RECORD EXTRACTS

****************************************

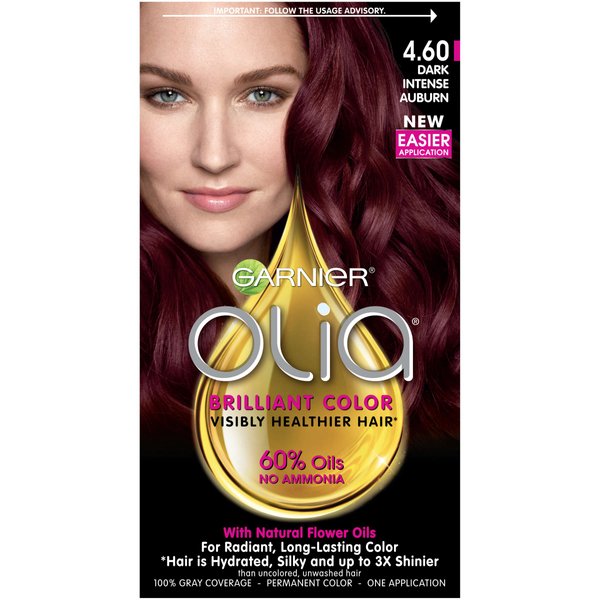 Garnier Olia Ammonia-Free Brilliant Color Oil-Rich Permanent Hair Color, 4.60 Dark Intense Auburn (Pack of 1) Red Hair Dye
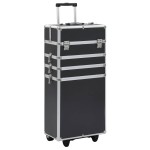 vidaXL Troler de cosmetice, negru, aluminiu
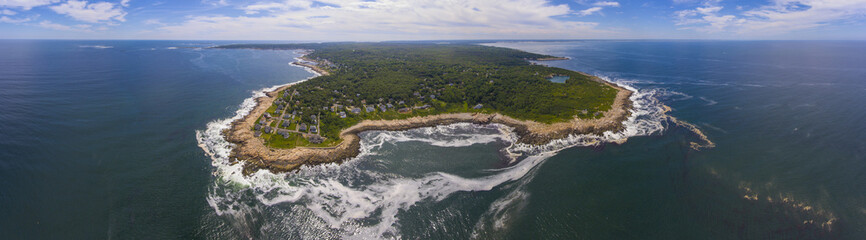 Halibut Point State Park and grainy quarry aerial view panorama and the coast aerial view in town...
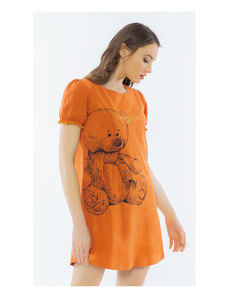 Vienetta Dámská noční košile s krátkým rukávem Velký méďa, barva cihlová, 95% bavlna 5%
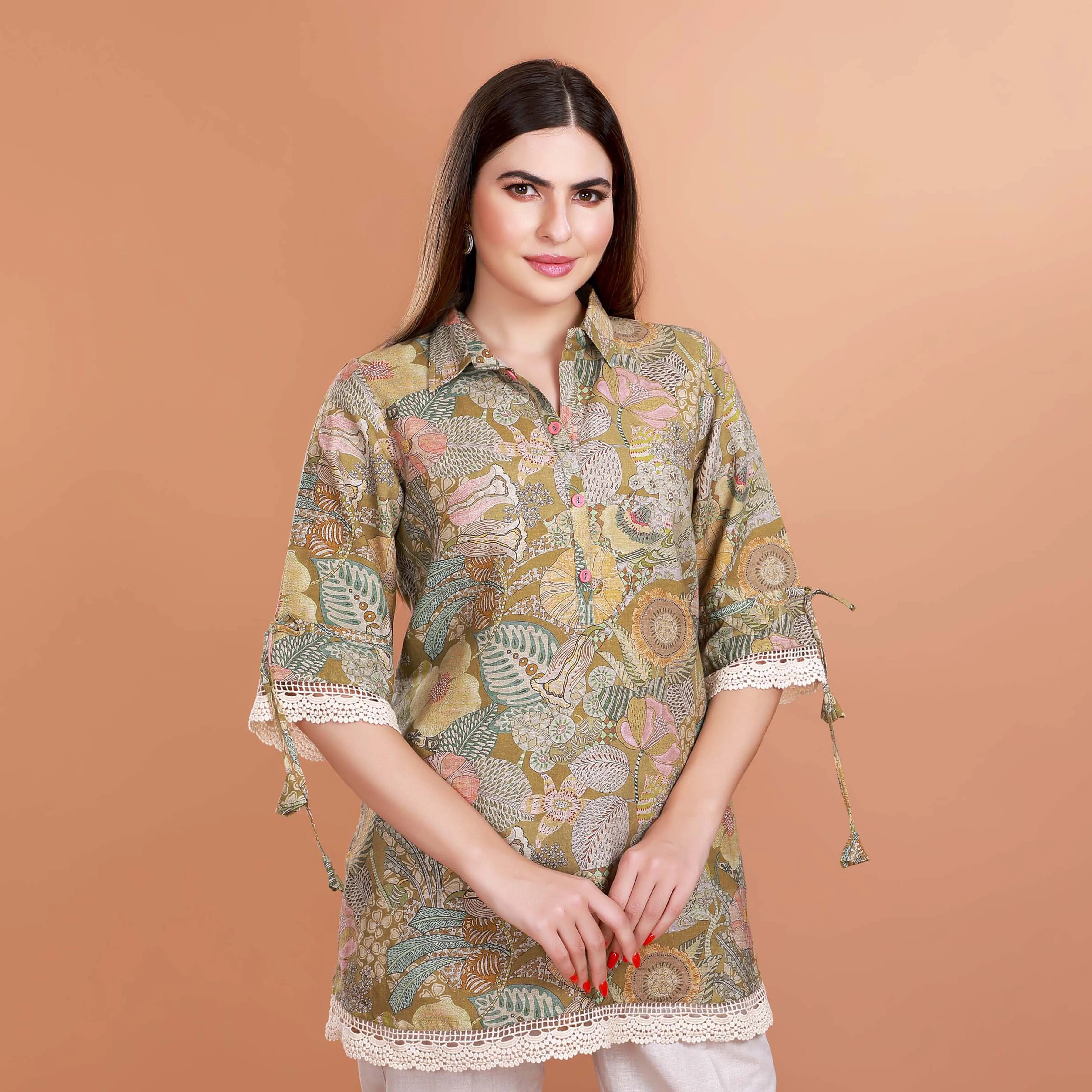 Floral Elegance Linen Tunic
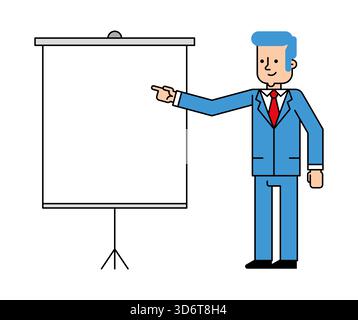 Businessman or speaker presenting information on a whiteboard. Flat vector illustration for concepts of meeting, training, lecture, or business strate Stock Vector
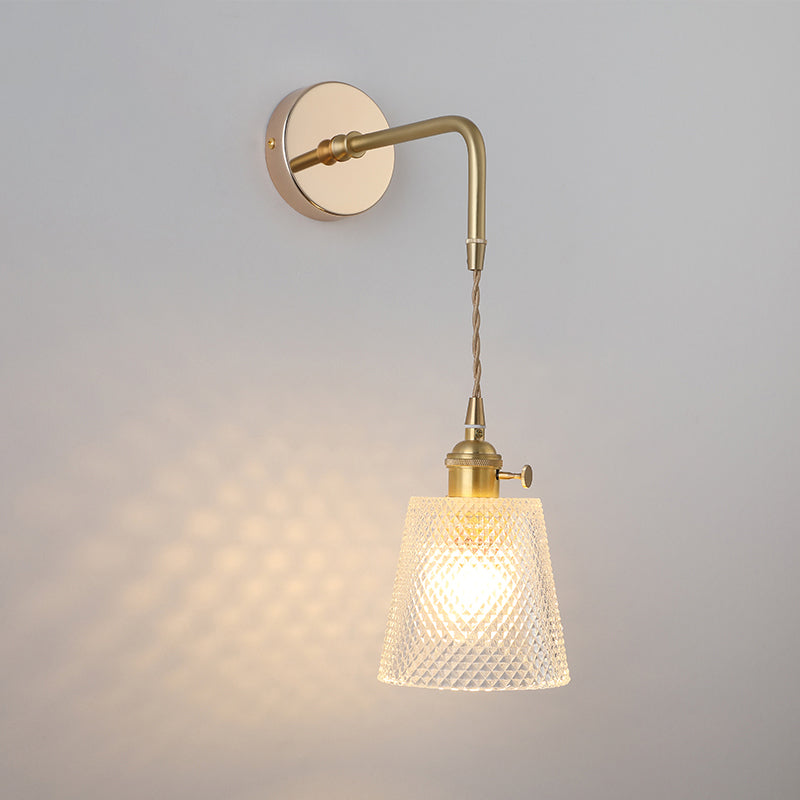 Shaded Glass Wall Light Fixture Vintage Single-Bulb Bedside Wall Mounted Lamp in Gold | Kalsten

****************************************

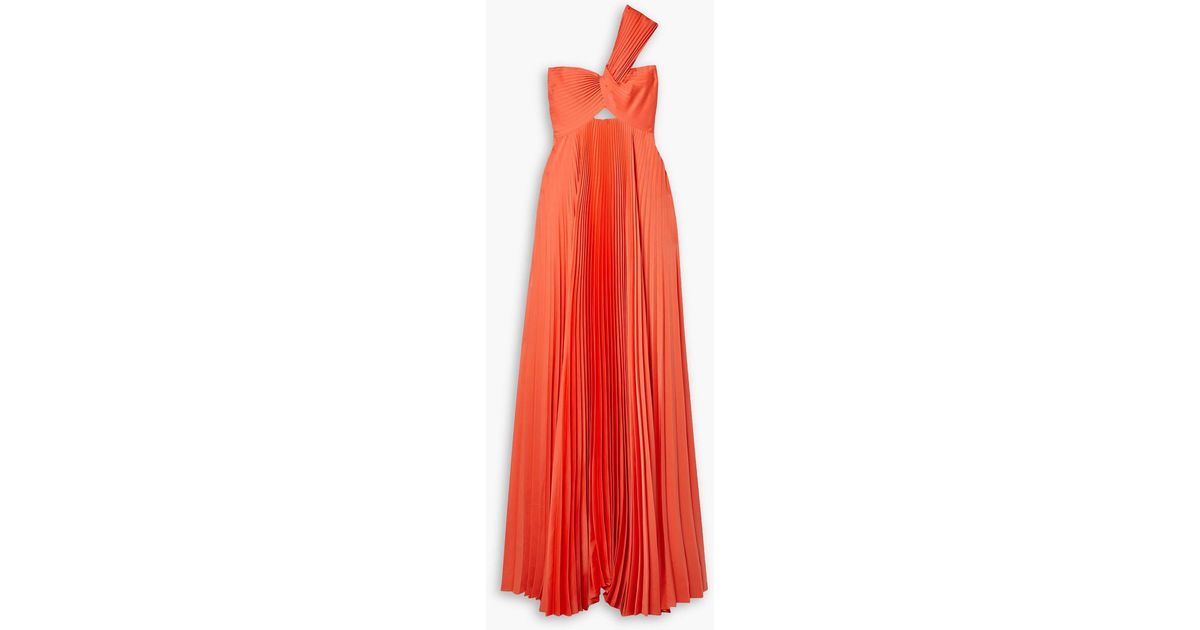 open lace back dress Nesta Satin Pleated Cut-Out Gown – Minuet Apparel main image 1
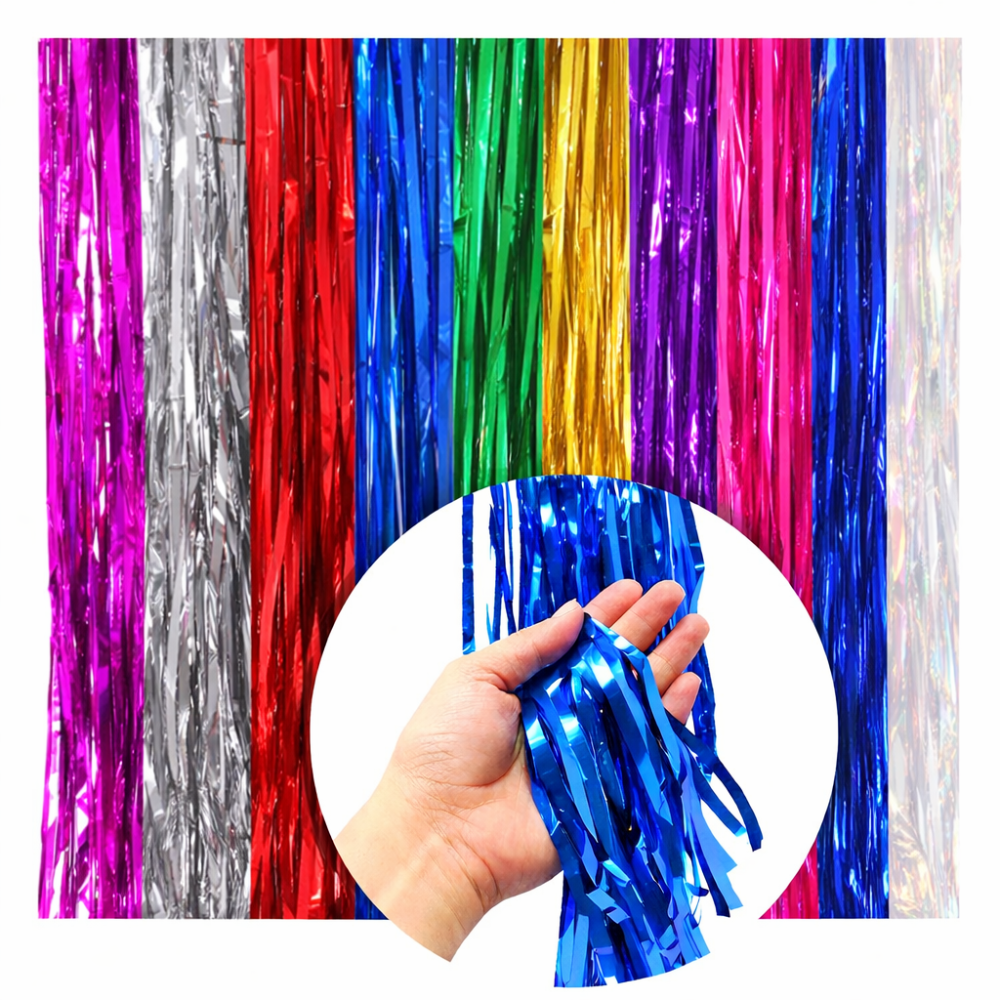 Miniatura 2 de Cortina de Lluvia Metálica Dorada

****************************************

AIM OF THE TASK
Copy out the listing above from the line containing "vidaXL Troler de cosmetice, negru, aluminiu" to the line containing "Businessman or speaker", both included, exactly as written and minus the images.

REPLY
 vidaXL Troler de cosmetice, negru, aluminiu
 Halibut Point State Park and grainy quarry aerial view panorama and the coast aerial view in town...
 Vienetta Dámská noční košile s krátkým rukávem Velký méďa, barva cihlová, 95% bavlna 5%
 Floral Elegance Linen Tunic
 Businessman or speaker presenting information on a whiteboard. Flat vector illustration for concepts of meeting, training, lecture, or business strate Stock Vector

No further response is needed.